In finding that answer, litigants and courts will have to rely on new language that sets out a proportionality requirement. Discovery must now be:

proportional to the needs of the case, considering the importance of the issues at stake in the action, the amount in controversy, the parties’ relative access to relevant information, the parties’ resources, the importance of the discovery in resolving the issues, and whether the burden or expense of the proposed discovery outweighs its likely benefit.

Goodness, judges have a lot of discretion on this.  This is such a beauty is in the eye of the beholder question.

One of the gatekeepers of discovery is proportionality.  The rules have always contemplated whether the information sought was so burdensome that its utility was outweighed by its cost. Rule 26(b)(2) was really the only rules-based guidance on proportionality, but the addition of this new verbiage would provide stronger guidelines for courts when looking at a discovery dispute.

One thing that strikes me about this language is the addition of “the amount in controversy” as a factor. Does this mean that a personal injury lawsuit for $75,001 is less important than a multi-million dollar lawsuit between two corporations in the eyes of the Federal Rules? The intersection of the 1st, 5th, and 14th Amendments create a right of access to the courts. So wouldn’t this right be diminished or misapplied if the small personal injury victim gets less access to the courts simply because the amount at issue?

Also, is it the absolute amount in controversy or is it how much it means to the parties?  My client has a million-dollar personal injury case and Apple has a billion-dollar patent infringement case. Which one has a high amount in controversy?   I can assure you that the million dollars to my client is worth a lot more than the billion dollars to Apple.  Is that baked into this calculus?

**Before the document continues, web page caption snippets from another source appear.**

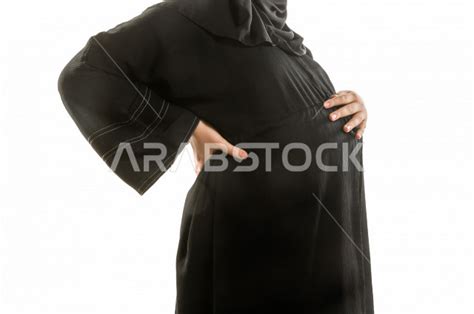 Portrait Of A Pregnant Saudi Arabian Gulf Woman Wearing A Maternity Abaya Different Hands And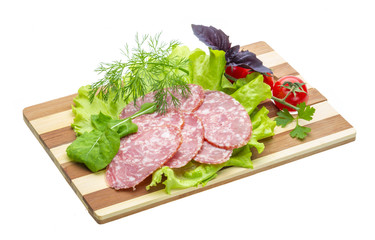 Fototapeta premium Sausages with salad and basil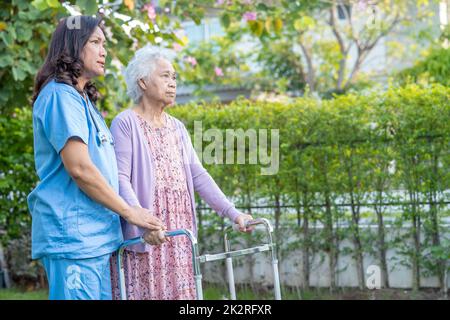 Aiuto del medico e cura Asian anziani o anziani donna vecchia uso walker con la salute forte mentre camminando al parco in felice vacanza fresca. Foto Stock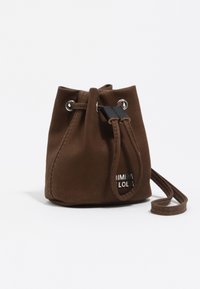 Bolso marrón de ante con cordón, ojales plateados, un detalle negro y un logo de marca en el frente; cuenta con una única correa para el hombro.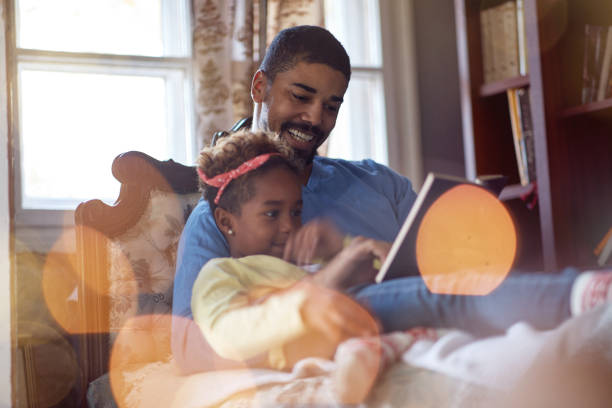 istock holidays and celebration concept - Father and daughter spending Christmas time together, daddy reading fairy tales 1187991084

The New Rules and Personal Injury Lawsuits

These new rules have special relevance to personal injury lawsuits, employment cases, product liability suits, or really any lawsuit that involves individual plaintiffs taking on big corporations. In your garden variety product liability or premises liability suit, the defendant is generally a giant corporation with thousands, maybe even millions, of documents that they may have to fork over if served with comprehensive discovery requests. Meanwhile, individual plaintiffs typically do not have anywhere close to that amount of discoverable documentation in their possession. As a result, a plaintiff can place a huge monetary and labor-related burden on the defendant just to produce all of this information. Litigation between two large corporate entities usually doesn’t produce this problem in light of the threat of “mutually assured destruction” from voluminous document requests. But you’ll often see a lot of companies settle cases just to forgo the massive efforts expended to produce discovery.

This is not a bad thing.  Plaintiffs who are real victims have interests that are diametrically opposed to those who garner settlements because of fear of publicity or cost of discovery.  So that is a good byproduct.  But the new rules might produce some results that could hurt real victims.  If the scope of discovery is indeed limited by this new language, plaintiffs won’t be able to put these huge corporations’ feet to the fire in discovery to produce information that could yield real fruit simply because it is only one case and is not big enough to put the corporation through all the effort.  This would be a very bad outcome.

So Will This New Wave of Change Actually Happen?

The impact of these new rules will vary wildly by judge. This rule will give judges broader discretion to do whatever they want to do.  Because they will be even more bulletproof on discovery issues.

When do these rules take effect? Assuming Congress does not amend these changes — and they won’t —  they will go into effect on December 1, 2015.